Closer – Jonathan Papelbon

Bold Prediction – A Boston-like year for Papelbon shows his return to form (projected – 68.0 IP, 2.20 ERA, 1.00 WHIP, 10.00 K/9, 35 saves) and he becomes a major steal for savvy drafters. He may go a few rounds late because of the “hype” surrounding last year’s struggles, but he's got enough upside potential to anchor your collection of closers.
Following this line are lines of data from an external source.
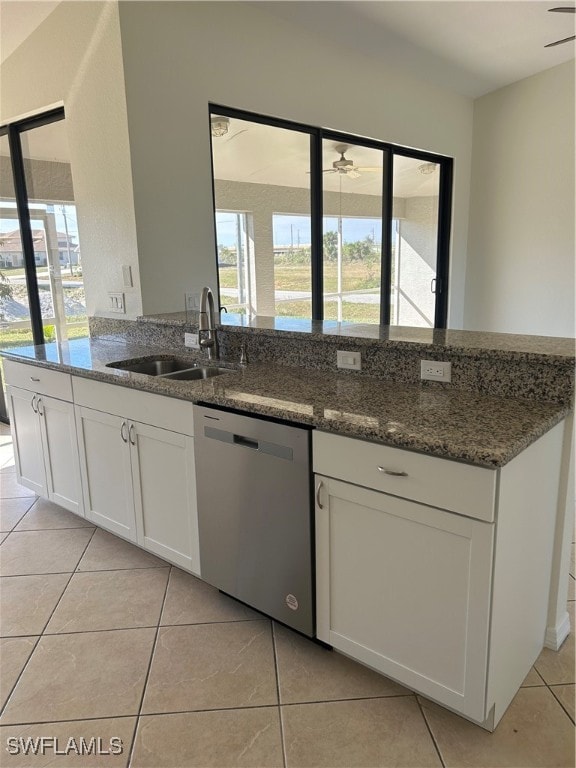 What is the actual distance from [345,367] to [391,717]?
1233mm

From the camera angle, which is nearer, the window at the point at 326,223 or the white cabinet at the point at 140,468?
the white cabinet at the point at 140,468

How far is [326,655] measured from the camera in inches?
76.0

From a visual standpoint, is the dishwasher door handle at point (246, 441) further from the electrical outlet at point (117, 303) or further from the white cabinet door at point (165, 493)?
the electrical outlet at point (117, 303)

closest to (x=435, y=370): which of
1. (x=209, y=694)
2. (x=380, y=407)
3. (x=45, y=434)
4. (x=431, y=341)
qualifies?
(x=431, y=341)

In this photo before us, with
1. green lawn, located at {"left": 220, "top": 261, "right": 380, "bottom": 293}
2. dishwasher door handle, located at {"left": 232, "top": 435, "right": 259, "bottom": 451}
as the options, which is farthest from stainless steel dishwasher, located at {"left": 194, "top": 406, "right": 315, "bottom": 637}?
green lawn, located at {"left": 220, "top": 261, "right": 380, "bottom": 293}

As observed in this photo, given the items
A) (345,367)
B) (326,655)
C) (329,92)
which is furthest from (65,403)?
(329,92)

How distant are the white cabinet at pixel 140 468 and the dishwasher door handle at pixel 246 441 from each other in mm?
246

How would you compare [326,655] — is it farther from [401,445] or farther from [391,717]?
[401,445]

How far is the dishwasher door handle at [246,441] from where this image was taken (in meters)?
1.87

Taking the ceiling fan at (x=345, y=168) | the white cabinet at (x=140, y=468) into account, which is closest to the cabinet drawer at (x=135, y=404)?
the white cabinet at (x=140, y=468)

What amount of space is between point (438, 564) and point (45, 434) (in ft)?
7.13

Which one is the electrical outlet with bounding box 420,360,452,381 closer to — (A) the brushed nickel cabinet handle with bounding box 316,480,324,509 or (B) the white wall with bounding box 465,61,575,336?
(A) the brushed nickel cabinet handle with bounding box 316,480,324,509

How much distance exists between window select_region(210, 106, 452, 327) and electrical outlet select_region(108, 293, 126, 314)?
695 mm

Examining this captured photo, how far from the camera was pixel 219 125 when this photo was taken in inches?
132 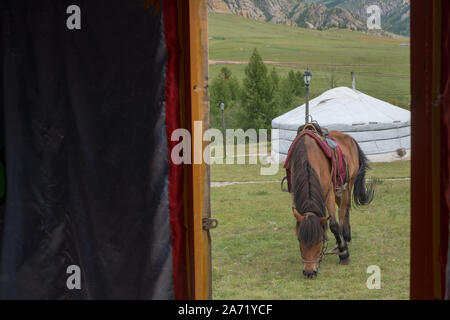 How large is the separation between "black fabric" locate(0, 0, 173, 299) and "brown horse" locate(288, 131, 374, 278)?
2.74m

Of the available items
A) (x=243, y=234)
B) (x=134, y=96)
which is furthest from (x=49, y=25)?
(x=243, y=234)

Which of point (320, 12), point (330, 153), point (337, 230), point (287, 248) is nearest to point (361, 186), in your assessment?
point (337, 230)

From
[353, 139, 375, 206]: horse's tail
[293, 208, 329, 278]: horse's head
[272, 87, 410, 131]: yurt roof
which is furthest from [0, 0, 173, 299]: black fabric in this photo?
[272, 87, 410, 131]: yurt roof

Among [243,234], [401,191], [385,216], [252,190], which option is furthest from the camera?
[252,190]

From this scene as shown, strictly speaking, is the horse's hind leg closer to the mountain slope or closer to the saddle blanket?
the saddle blanket

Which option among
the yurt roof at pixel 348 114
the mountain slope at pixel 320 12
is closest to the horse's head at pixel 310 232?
the yurt roof at pixel 348 114

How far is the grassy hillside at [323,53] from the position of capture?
17703mm

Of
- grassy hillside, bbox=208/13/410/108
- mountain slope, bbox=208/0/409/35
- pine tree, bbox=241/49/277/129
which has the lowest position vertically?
pine tree, bbox=241/49/277/129

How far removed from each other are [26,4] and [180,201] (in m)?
0.64

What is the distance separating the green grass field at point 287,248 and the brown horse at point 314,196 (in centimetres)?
25

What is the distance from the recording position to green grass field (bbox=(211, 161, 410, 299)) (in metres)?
4.51

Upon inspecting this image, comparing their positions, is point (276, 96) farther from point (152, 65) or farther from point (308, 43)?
point (152, 65)

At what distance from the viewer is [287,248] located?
5.96 metres

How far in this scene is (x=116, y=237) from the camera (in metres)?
1.41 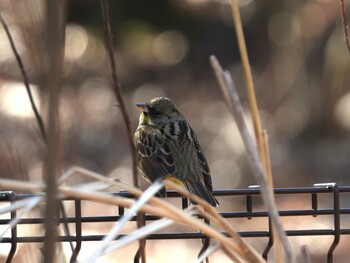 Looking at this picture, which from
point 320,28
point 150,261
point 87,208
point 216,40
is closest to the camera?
point 150,261

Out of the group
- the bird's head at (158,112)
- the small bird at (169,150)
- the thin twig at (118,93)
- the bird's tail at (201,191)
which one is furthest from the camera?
the bird's head at (158,112)

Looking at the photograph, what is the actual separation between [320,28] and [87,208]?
3.88 metres

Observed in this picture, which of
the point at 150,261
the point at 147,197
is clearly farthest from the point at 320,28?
the point at 147,197

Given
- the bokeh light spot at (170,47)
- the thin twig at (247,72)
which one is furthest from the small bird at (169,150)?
the bokeh light spot at (170,47)

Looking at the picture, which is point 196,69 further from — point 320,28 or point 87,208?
point 87,208

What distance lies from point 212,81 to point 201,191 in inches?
302

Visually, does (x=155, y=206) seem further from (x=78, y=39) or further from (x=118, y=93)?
(x=78, y=39)

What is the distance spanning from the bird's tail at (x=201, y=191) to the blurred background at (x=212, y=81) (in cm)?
379

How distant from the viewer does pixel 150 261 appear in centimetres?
688

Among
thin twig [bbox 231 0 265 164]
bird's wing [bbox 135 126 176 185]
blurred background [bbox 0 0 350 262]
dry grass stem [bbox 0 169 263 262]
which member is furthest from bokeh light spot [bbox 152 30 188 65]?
dry grass stem [bbox 0 169 263 262]

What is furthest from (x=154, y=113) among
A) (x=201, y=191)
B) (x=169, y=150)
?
(x=201, y=191)

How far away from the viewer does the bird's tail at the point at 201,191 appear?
13.7 feet

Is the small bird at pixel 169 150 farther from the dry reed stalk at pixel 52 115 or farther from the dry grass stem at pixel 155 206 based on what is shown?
the dry reed stalk at pixel 52 115

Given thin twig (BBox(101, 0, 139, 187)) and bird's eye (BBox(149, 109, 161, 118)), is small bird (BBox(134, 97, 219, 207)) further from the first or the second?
thin twig (BBox(101, 0, 139, 187)) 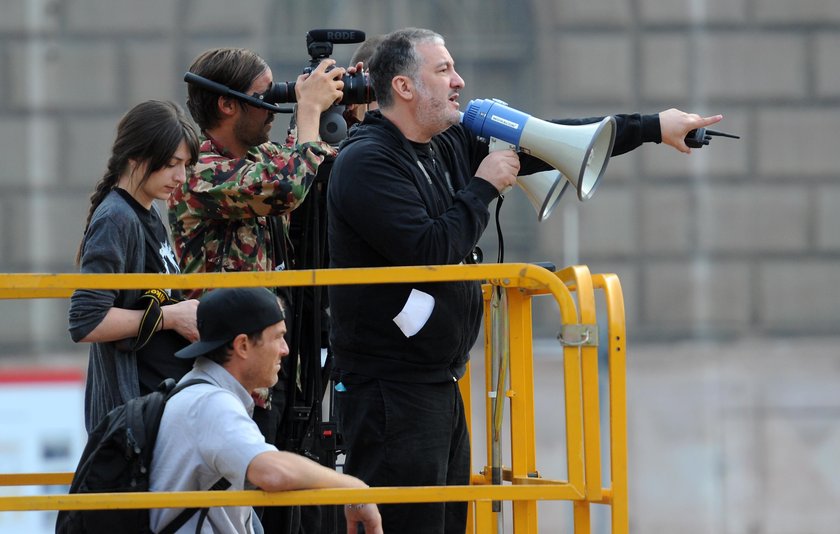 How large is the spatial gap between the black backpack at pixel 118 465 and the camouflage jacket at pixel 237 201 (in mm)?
968

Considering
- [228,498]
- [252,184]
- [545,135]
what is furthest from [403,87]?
[228,498]

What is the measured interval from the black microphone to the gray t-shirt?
1546 millimetres

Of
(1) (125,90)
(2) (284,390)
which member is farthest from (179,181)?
(1) (125,90)

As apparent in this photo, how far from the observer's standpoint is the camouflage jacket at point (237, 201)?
12.4ft

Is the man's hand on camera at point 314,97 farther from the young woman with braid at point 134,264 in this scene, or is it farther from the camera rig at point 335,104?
the young woman with braid at point 134,264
Who’s Lurking? – Although he will not likely be ready for Opening Day after last year’s shoulder injury, Mike Adams probably is the best fit (career 2.39 ERA, 1.08 ERA, 8.99 K/9) to replace Papelbon should the time come . Justin De Fratus and B.J. Rosenberg provide the Phillies with two young righties that have loads of potential, but they need to prove their worth before being trusted in the ninth.

New York Mets

After an injury-riddled 2013, Bobby Parnell has the closer role again for the Amazin’ Mets. With LaTroy Hawkins in Colorado and Frank Francisco on the free agent market, Parnell has been cleared to pitch and all signs point to him firmly inheriting the ninth with little internal competition. Because the Mets’ front office has wanted Parnell to be the closer for a while, his leash should be fairly long even if he starts blowing saves on a regular basis. Despite his injury last season, Parnell still posted a respectable 2.16 ERA, 1.00 WHIP, 7.92 K/9, with 22 saves and will have even better numbers if he can stay away from the disabled list.

Closer – Bobby Parnell

Bold Prediction – Without strong competition breathing down his neck, Bobby Parnell finally lives up to his potential and has a 30+ save season. With a sub 1.50 ERA and 9.50 K/9, Parnell has Mets fans debating whether he’s better than K-Rod in his prime.

Who’s Lurking? – Unlike other teams in the NL East, New York does not possess the bullpen depth which seems to be the norm. The Mets will be entering 2014 with a trio of relievers that they used fairly frequently at the end of last season - Vic Black, Josh Edgin, and Gonzalez Germen. Black (a righty) and Edgin (a lefty) give the Mets the flexibility to play matchups in the seventh and eighth innings, while Gonzalez Germen could creep his way into the discussion if Parnell struggles and the hierarchy is shuffled.

Washington Nationals

Similar to Papelbon, Rafael Soriano had a 2013 season (3.11 ERA, 1.23 WHIP, 43 saves) that doesn’t stray too dramatically from his career average (2.82 ERA and 1.08 WHIP), but does show a dramatic difference in strikeout rate (2013 – 6.89 K/9, career – 9.15 K/9). Even at 34 years old, Soriano should give the Nationals another strong outing this season.

Closer – Rafael Soriano

Bold Prediction – Soriano’s strikeout rate returns to form and he channels the fountain of youth left behind by his former mentor, Mariano Rivera. This season marks the beginning of a career rejuvenation for Soriano, who has 40+ saves, 2.75 ERA, 0.98 WHIP, and a 9.00 K/9 en route to a  Nationals’ push for the NL East title.

Who’s Lurking? – Tyler Clippard is the ultimate setup man and he seems to be comfortable with that role (career – 110 holds and 9.97 K/9). Even if Soriano ran into big trouble, the Nats would likely keep Clippard in the eighth and go with Craig Stammen or Drew Storen. After losing the closer gig to Soriano a few seasons ago, Storen has settled into a setup and reliever role. With Storen’s demotion to AAA last July, Washington will probably go with Stammen first (2013 – 2.76 ERA, 1.29 WHIP, 8.71 K/9) if Soriano needs to be pulled.